ST. PATRICK’S DAY PARADE 2007 – DUBLIN
Image by infomatique
In the recent past, Saint Patrick’s Day was celebrated only as a religious holiday. It became a public holiday in 1903, by the Bank Holiday (Ireland) Act 1903, an Act of the United Kingdom Parliament introduced by the Irish MP James O’Mara. O’Mara later introduced the law which required that pubs be closed on March 17, a provision which was repealed only in the 1970s. The first St. Patrick’s Day parade held in the Irish Free State was held in Dublin in 1931 and was reviewed by the then Minister of Defence Desmond Fitzgerald. Although secular celebrations now exist, the holiday is still a religious observance in some areas.
It was only in the mid-1990s that the Irish government began a campaign to use Saint Patrick’s Day to showcase Ireland and its culture. The government set up a group called St. Patrick’s Festival, with the aim to:
—Offer a national festival that ranks amongst all of the greatest celebrations in the world and promote excitement throughout Ireland via innovation, creativity, grassroots involvement, and marketing activity.
—Provide the opportunity and motivation for people of Irish descent, (and those who sometimes wish they were Irish) to attend and join in the imaginative and expressive celebrations.
—Project, internationally, an accurate image of Ireland as a creative, professional and sophisticated country with wide appeal, as we approach the new millennium.
The first Saint Patrick’s Festival was held on March 17, 1996. In 1997, it became a three-day event, and by 2000 was a four-day event. By 2006, the festival was five days long.
Many Irish people still wear a bunch of shamrocks on their lapels or caps on this day or green, white, and orange badges (after the colours of the Irish flag). Girls and boys wear green in their hair. Artists draw shamrock designs on people’s cheeks as a cultural sign, including American tourists.
Although Saint Patrick’s Day has the colour green as its theme, one little known fact is that blue was once the colour associated with this day.

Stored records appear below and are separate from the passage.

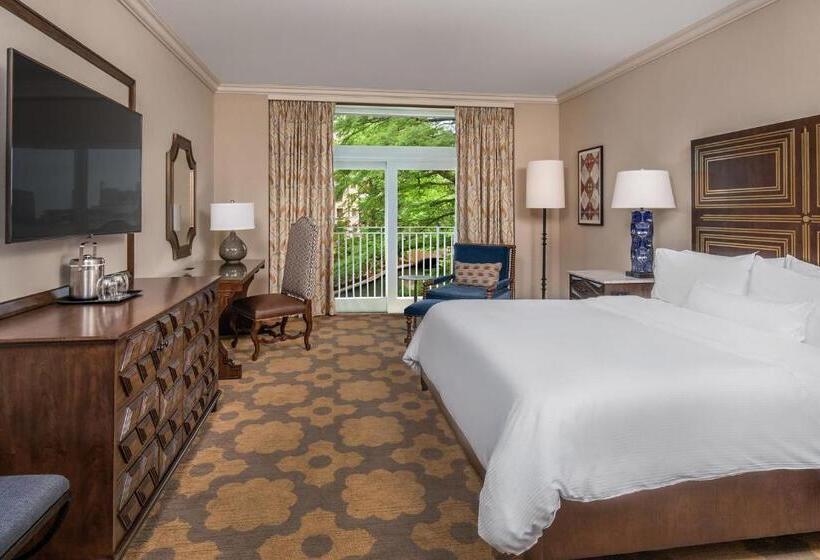 Premium-huone, The Westin Riverwalk, San Antonio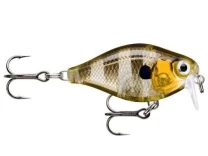 Воблер Rapala X-Light Crank Shallow Runner 35F FNCS03 GGIU фото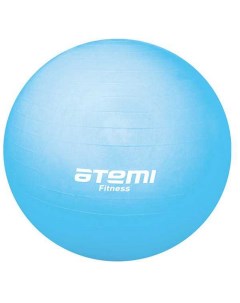 Гимнастический мяч AGB0165 65 см Atemi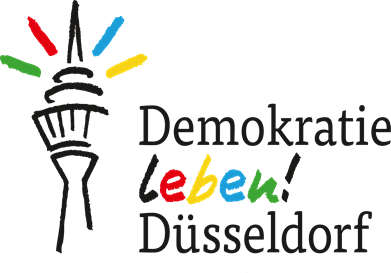 Demokratie leben! Düsseldorf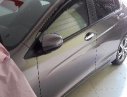 Honda City CVT  2014 - Cần bán xe Honda City CVT đời 2014, màu xám ít sử dụng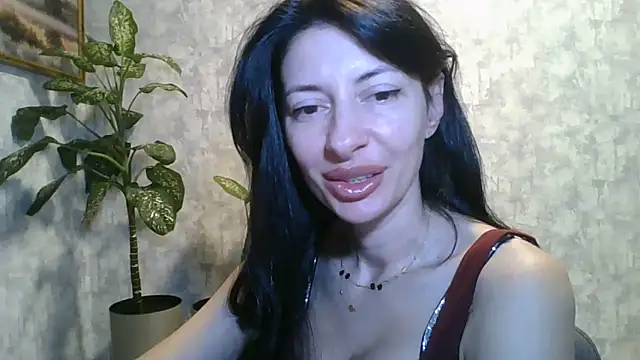 LissaBlossom webcam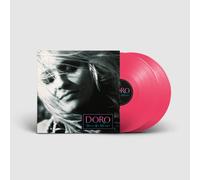 Doro True At Heart (Ltd.Colored Vinyl) (Vinyl) (US IMPORT)
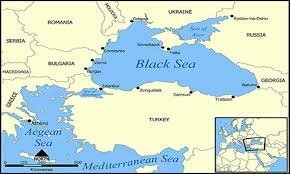 Península de Crimea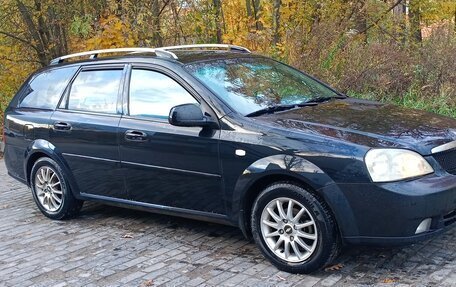 Chevrolet Lacetti, 2011 год, 415 000 рублей, 2 фотография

The biggest celebrations on the island of Ireland outside Dublin are in Downpatrick, Northern Ireland, where Saint Patrick was buried following his death on March 17, 493. In 2004, according to Down District Council, the week-long St. Patrick’s Festival had over 2000 participants and 82 floats, bands, and performers, and was watched by over 30,000 people.
The day is celebrated by the Church of Ireland as a Christian festival. Saint Patrick’s Day as a celebration of Irish culture was rarely acknowledged by Northern Irish loyalists, who consider it a festival of the Irish Republicans. The Belfast City Council recently agreed to give public funds to its parade for the first time; previously the parade was funded privately. The Belfast parade is based on equality and only the flag of St. Patrick is supposed to be used as a symbol of the day to prevent it being seen as a time which is exclusively for Republicans and Nationalists. This allowed both Unionists and Nationalists to celebrate the day together. The Unionists (orangemen) wear orange instead of green on St. Patrick’s day; both colors are in the Irish flag, and orange represents the protestants of Northern Ireland.
Since the 1990s, Irish Taoisigh have sometimes attended special functions either on Saint Patrick’s Day or a day or two earlier, in the White House, where they present shamrock to the President of the United States. A similar presentation is made to the Speaker of the House. Originally only representatives of the Republic of Ireland attended, but since the mid-1990s all major Political parties in the Republic of Ireland and Northern Ireland are invited, with the attendance including the representatives of the Irish government, the Ulster Unionist Party, the Social Democratic and Labour Party, Sinn Féin and others. No Northern Irish parties were invited for these functions in 2005. In recent years, it is common for the entire Irish government to be abroad representing the country in various parts of the world. In 2003, the President of Ireland celebrated the holiday in Sydney, the Taoiseach was in Washington, while other Irish government members attended ceremonies in New York City, Boston, San Francisco, San Jose, Savannah, Chicago, Detroit, Philadelphia, San Diego, New Zealand, Hong Kong, South Africa, Korea, Japan, and Brazil.